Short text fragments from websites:
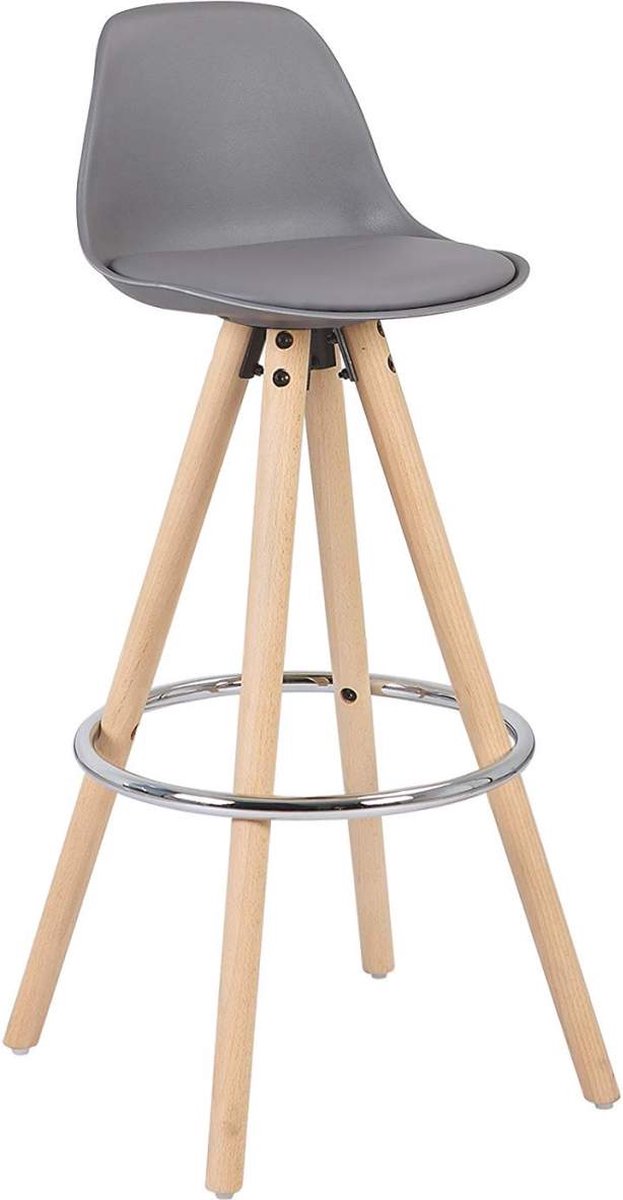 Hoge Barkruk Dublin - Zithoogte 75cm - Grijs - Set van 1 - Keuken - Barstoelen - Met rugleuning - Kunstleer - Bruin frame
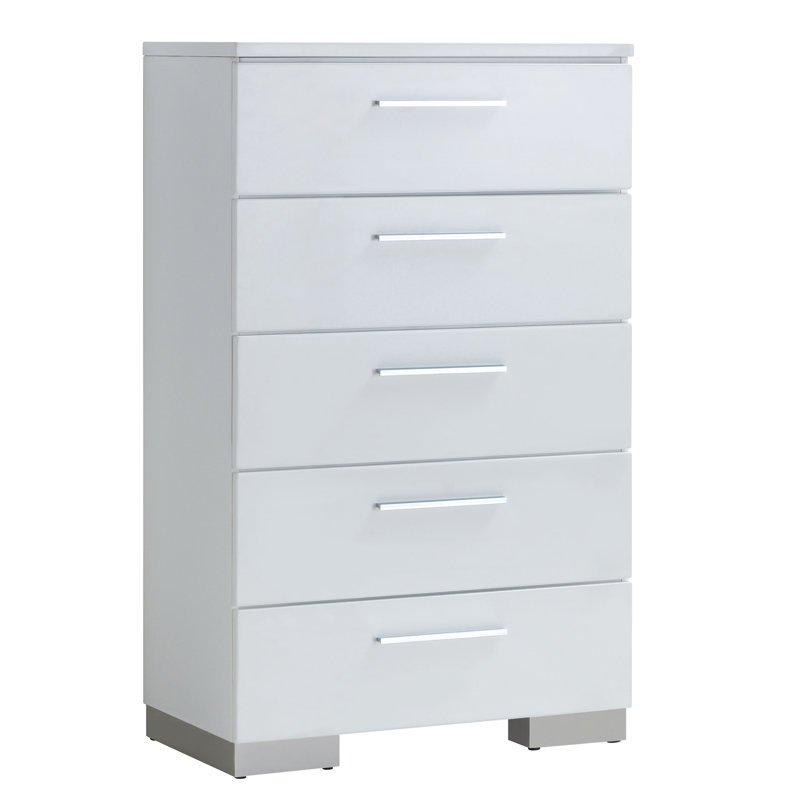Alei 5-Drawer High-Gloss Chest with Chrome Accents, White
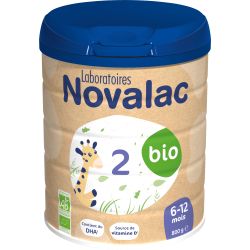 NOVALAC 2 BIO Lait en Poudre Bébé 6-12 Mois - 800g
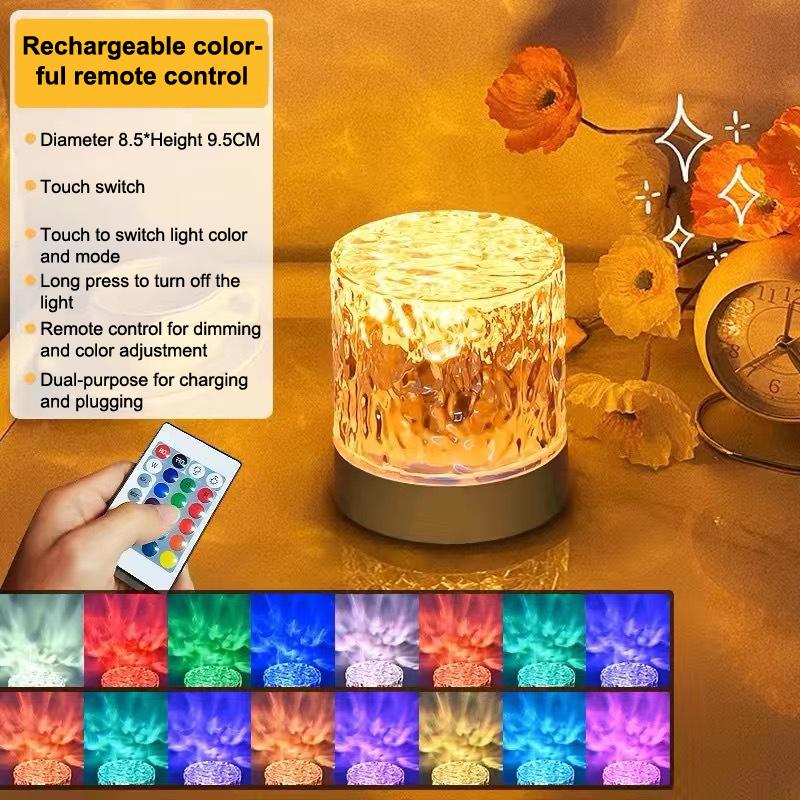 

Water Ripple Night Light Touch Control Rotating Water Wave Lamp Projector Usb Rechargeable Atmosphere Lamp Room Decor
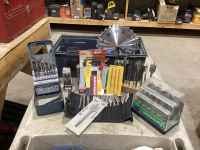 PLASTIC TOOLBOX W/ ROUTER BITS,DRILL BITS, WOOD BORING BITS, JIGSAW BLADES AND A SAW BLADE CLOCK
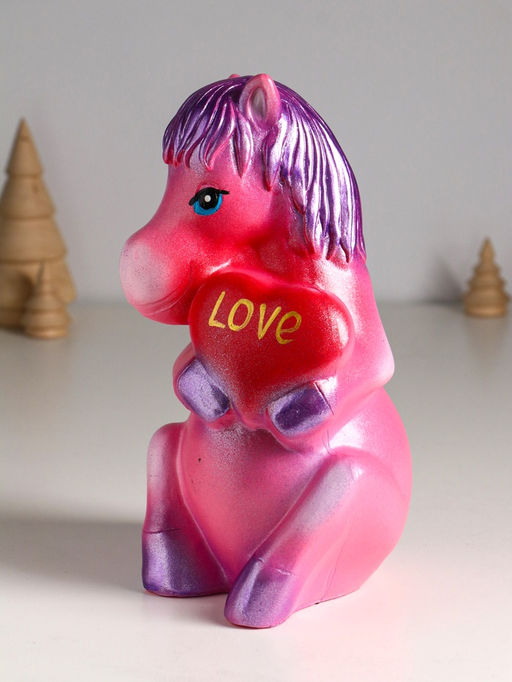 Копилка для денег Лошадь с сердцем, гипс, 24 см, розовый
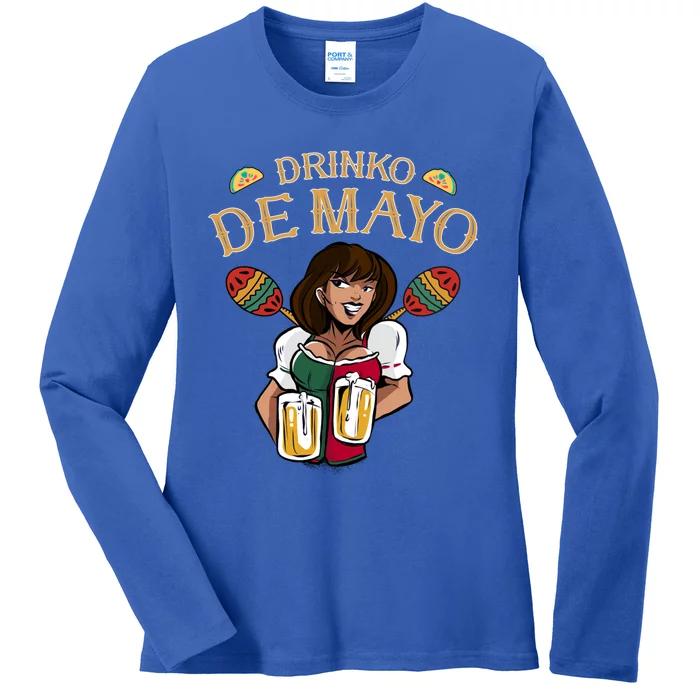 Cinco De Mayo Costume Maracas Cinco De O De Mayo Gift Ladies Long Sleeve Shirt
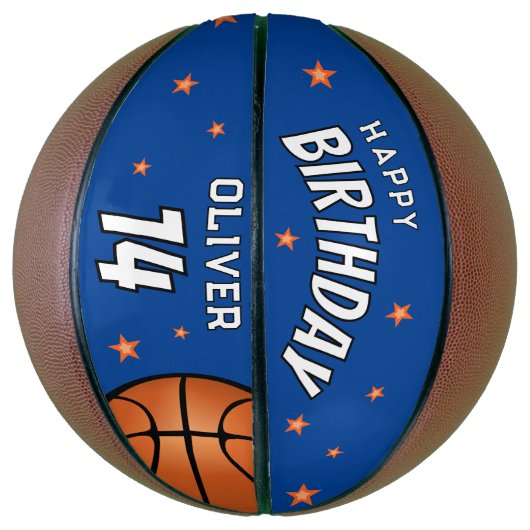 Ballon De Basket Blue moderne Joyeux Anniversaire Stars Keepsaké (Vertical)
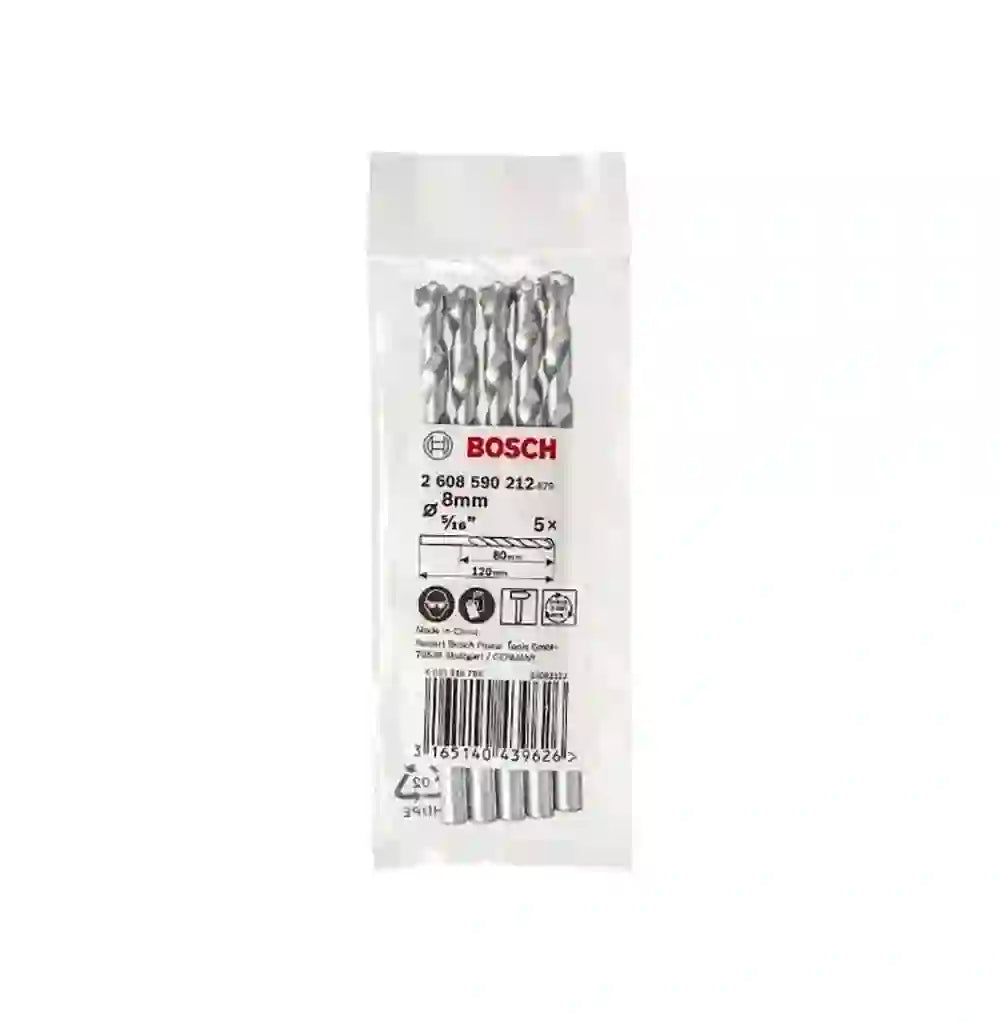 Pack 5 Brocas Concreto Bosch 8x80x120mm - Bosch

### EXERCISE OBJECTIVE
Every entry above needs to be copied exactly, apart from its pictures.

### ANSWER TO THIS EXERCISE
 Hoge Barkruk Dublin - Zithoogte 75cm - Grijs - Set van 1 - Keuken - Barstoelen - Met rugleuning - Kunstleer - Bruin frame
Alei 5-Drawer High-Gloss Chest with Chrome Accents, White
 NOVALAC 2 BIO Lait en Poudre Bébé 6-12 Mois - 800g

Water Ripple Night Light Touch Control Rotating Water Wave Lamp Projector Usb Rechargeable Atmosphere Lamp Room Decor
 PLASTIC TOOLBOX W/ ROUTER BITS,DRILL BITS, WOOD BORING BITS, JIGSAW BLADES AND A SAW BLADE CLOCK
 Копилка для денег Лошадь с сердцем, гипс, 24 см, розовый
 Cinco De Mayo Costume Maracas Cinco De O De Mayo Gift Ladies Long Sleeve Shirt
 Ballon De Basket Blue moderne Joyeux Anniversaire Stars Keepsaké (Vertical)
 Pack 5 Brocas Concreto Bosch 8x80x120mm - Bosch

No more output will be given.